12. Juli 2021
FÄLLT DER OBLIGATORISCHE UNTERLASSUNGSANSPRUCH IN DEUTSCHLAND?
Deutschland modernisiert sein Patentgesetz
Das Gesetzgebungsverfahren zum Zweiten Gesetz zur Vereinfachung und Modernisierung des Patentrechts (PatModG) ist nun abgeschlossen und tritt damit nach seiner Verkündung in Kraft. Vorausgegangen waren Monate intensiver kontroverser Debatten.
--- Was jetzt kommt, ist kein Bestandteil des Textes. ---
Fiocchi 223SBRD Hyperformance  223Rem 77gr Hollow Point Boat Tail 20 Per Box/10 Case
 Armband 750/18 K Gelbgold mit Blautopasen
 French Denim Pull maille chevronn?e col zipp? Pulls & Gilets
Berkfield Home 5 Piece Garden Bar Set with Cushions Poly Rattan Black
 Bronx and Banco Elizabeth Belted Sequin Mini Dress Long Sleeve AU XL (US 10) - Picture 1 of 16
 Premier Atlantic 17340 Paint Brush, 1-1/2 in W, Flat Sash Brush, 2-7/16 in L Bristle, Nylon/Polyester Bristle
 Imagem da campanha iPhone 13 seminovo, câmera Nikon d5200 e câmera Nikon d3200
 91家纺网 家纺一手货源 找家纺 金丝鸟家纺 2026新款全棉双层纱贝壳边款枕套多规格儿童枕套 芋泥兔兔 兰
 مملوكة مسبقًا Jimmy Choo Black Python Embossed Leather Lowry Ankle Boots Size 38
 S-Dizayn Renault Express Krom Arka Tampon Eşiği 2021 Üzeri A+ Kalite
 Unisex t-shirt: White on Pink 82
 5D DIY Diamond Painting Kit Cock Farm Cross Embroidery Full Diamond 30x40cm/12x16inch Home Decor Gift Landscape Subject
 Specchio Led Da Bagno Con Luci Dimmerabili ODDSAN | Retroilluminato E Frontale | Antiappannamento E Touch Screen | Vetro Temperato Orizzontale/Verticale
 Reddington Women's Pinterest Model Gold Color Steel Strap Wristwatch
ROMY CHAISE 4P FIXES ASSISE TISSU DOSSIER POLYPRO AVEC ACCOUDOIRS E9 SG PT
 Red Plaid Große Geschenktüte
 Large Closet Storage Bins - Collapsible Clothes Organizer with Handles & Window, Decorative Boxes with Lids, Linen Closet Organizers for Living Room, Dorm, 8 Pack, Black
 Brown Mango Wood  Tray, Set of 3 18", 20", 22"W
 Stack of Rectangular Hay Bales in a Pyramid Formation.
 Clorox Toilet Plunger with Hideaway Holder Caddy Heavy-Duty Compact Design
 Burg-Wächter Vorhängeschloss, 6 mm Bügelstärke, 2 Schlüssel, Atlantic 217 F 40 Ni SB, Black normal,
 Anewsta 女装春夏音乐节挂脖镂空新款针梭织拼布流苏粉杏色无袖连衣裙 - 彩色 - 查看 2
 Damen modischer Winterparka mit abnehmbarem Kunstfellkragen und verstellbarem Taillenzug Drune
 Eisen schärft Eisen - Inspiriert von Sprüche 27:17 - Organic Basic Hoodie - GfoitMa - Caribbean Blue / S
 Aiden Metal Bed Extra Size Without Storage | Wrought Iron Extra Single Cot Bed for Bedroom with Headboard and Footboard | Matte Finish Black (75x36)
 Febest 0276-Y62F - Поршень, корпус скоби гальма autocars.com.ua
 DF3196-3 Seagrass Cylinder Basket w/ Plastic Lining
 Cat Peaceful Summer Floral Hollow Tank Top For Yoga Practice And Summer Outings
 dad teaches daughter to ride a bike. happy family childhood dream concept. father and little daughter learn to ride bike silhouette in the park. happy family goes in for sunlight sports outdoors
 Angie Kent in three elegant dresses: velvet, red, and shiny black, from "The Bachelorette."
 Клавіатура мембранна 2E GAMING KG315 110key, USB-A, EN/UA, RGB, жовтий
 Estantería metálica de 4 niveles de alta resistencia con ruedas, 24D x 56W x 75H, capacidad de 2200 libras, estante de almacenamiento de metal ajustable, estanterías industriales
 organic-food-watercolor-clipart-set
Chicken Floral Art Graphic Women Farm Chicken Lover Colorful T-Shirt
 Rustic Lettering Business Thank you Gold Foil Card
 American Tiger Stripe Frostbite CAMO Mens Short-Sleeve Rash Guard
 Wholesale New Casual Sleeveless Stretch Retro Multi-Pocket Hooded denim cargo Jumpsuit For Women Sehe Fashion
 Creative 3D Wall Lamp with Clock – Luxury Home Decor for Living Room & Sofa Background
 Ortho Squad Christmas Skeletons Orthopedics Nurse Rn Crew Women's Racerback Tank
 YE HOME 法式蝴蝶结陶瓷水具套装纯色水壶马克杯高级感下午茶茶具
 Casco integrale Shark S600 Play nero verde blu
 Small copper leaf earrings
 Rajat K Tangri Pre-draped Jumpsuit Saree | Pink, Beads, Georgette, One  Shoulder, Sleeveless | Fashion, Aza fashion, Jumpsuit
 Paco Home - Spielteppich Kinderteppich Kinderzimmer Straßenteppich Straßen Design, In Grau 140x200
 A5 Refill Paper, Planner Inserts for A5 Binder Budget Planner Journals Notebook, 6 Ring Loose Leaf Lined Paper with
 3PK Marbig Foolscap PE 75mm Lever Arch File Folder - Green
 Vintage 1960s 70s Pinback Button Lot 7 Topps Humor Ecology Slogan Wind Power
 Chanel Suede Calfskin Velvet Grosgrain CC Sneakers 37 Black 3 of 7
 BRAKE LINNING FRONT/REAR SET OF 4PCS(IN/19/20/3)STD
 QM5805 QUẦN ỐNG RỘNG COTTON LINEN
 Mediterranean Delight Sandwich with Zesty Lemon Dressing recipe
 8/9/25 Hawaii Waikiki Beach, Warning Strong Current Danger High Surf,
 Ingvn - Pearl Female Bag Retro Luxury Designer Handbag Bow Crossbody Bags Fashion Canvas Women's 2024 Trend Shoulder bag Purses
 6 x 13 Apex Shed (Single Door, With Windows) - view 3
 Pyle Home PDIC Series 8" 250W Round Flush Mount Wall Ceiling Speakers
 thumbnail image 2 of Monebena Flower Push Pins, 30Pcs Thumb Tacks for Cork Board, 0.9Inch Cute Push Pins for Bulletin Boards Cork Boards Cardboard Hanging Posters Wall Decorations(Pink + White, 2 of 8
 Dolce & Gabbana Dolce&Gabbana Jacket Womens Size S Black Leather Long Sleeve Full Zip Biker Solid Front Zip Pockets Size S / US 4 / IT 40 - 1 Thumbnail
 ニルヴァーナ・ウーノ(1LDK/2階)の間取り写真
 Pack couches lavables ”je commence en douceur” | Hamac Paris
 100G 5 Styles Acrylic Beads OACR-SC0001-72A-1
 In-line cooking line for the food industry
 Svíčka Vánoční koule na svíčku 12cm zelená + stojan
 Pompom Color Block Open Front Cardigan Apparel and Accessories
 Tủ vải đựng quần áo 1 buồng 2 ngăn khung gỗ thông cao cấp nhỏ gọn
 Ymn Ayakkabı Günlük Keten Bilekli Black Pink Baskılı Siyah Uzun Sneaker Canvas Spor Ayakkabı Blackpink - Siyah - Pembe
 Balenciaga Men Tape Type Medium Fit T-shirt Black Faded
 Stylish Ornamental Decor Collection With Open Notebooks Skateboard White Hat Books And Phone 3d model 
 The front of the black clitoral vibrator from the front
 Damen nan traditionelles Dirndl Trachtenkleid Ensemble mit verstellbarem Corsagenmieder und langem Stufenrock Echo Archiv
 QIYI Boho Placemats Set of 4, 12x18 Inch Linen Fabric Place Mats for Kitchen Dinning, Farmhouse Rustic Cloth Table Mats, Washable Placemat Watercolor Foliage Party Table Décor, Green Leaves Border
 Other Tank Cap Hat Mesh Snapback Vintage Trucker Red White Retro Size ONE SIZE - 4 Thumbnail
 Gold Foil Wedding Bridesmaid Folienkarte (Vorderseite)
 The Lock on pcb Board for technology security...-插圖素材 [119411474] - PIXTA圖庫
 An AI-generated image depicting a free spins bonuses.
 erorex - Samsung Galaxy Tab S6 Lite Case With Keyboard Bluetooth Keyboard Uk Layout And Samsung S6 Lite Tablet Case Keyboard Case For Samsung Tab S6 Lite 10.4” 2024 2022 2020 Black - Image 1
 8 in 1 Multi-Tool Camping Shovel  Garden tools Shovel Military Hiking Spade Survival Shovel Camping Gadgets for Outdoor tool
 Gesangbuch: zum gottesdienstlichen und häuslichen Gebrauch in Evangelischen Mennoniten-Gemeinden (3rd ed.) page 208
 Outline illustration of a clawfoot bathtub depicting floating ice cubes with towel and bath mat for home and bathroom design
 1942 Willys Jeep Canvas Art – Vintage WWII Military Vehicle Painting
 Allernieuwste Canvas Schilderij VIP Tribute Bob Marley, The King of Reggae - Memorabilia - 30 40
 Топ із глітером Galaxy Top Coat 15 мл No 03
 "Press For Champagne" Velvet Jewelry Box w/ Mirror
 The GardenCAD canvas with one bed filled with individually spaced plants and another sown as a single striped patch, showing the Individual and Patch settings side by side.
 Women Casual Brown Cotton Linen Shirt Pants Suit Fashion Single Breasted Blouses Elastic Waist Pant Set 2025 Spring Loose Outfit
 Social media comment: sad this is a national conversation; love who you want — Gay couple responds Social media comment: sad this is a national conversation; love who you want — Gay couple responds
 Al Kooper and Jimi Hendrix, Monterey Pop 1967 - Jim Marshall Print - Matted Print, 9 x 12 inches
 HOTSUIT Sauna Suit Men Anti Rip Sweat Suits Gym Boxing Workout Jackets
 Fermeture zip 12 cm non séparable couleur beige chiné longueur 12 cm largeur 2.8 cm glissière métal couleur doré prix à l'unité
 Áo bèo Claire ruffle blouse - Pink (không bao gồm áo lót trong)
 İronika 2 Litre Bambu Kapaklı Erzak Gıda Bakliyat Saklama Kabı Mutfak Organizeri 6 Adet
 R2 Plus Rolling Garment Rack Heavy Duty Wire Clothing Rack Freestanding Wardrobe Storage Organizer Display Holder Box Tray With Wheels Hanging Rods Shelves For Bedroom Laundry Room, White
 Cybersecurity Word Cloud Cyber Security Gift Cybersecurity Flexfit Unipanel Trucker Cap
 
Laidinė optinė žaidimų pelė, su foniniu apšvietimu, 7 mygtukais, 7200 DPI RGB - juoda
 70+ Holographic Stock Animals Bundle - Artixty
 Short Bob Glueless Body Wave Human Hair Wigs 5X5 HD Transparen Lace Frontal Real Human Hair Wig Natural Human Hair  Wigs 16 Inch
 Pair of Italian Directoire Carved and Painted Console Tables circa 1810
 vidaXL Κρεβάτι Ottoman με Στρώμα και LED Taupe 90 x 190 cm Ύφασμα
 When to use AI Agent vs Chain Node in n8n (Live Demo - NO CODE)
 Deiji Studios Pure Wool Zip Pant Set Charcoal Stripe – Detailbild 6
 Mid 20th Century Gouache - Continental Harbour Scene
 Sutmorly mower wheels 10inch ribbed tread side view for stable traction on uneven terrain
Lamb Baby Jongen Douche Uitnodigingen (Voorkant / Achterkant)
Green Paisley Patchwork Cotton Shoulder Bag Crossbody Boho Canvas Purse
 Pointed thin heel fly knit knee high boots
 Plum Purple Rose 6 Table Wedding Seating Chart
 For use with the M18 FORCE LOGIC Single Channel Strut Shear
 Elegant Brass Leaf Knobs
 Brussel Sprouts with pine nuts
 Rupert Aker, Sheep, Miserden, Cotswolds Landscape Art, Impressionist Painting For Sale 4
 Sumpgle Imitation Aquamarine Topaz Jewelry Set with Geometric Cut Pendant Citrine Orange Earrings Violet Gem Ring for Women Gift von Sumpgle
Eine zentrale Änderung stellt die Änderung des §139 PatG dar, die im besonderen Fokus der öffentlichen Diskussion stand. Diese Änderung führt eine Prüfung der Verhältnismäßigkeit des Unterlassungsanspruchs im Verletzungsprozess ein. Auch wenn von vielen Diskussionsteilnehmern argumentiert wird, dass damit lediglich eine ohnehin schon in der Zivilprozessordnung verankerte Verhältnismäßigkeitsprüfung in das Patentgesetz überführt wird und sich damit an der Rechtslage, wie sie auch vom BGH in der „Wärmetauscher-Entscheidung" 10. Mai 2016 (X ZR 114/13) festgestellt wurde, nichts ändert, steht die Verlässlichkeit und Effizienz des deutschen Patentrechts zu befürchten. Schon aus Haftungsgründen werden die Vertreter der vermeintlichen Verletzer stets den Einwand der Verhältnismäßigkeit bringen (müssen), so dass der Verletzungsprozess um einen weiteren Streitpunkt erweitert wird und an Komplexität gewinnt. Die Verfechter einer grundsätzlichen Verhältnismäßigkeitsprüfung wollen damit sogenannten Patenttrollen Einhalt gebieten.
Nach unserer Auffassung bring der nun verabschiedete Gesetzestext das Regel-Ausnahme-Verhältnis (Unterlassungsanspruch versus unverhältnismäßige und ungerechtfertigte Härte) hinreichend zum Ausdruck. Damit sind nach unserer Auffassung die Hürden für eine Ausnahme vom Unterlassungsanspruch hoch angesetzt: für jeden Einzelfall ist zu prüfen, ob der Unterlassungsanspruch zu einer „ungerechtfertigten, durch das Ausschließlichkeitsrecht nicht gerechtfertigten Härte" führen würde. Dabei sind auch das Gebot von Treu und Glauben sowie etwaige Interessen Dritter zu berücksichtigen.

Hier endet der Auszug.